-------- Dataset excerpt --------

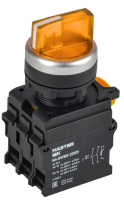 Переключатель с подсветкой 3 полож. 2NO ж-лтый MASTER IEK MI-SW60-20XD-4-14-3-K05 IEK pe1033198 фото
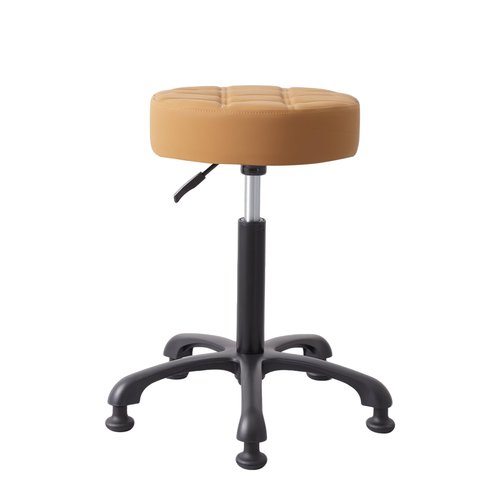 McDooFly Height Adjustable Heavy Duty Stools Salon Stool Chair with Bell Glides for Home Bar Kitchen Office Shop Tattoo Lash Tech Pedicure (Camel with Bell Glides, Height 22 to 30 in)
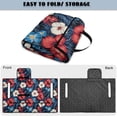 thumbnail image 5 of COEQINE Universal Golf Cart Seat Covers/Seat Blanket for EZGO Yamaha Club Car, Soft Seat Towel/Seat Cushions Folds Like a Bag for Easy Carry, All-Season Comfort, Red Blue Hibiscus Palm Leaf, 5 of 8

--------

▶ Task to complete
Exactly as they appear, print the lines of the listing above from its first line through the line that contains "McDooFly Height Adjustable", minus the pictures.

▶ Solution for this problem
 Переключатель с подсветкой 3 полож. 2NO ж-лтый MASTER IEK MI-SW60-20XD-4-14-3-K05 IEK pe1033198 фото
 McDooFly Height Adjustable Heavy Duty Stools Salon Stool Chair with Bell Glides for Home Bar Kitchen Office Shop Tattoo Lash Tech Pedicure (Camel with Bell Glides, Height 22 to 30 in)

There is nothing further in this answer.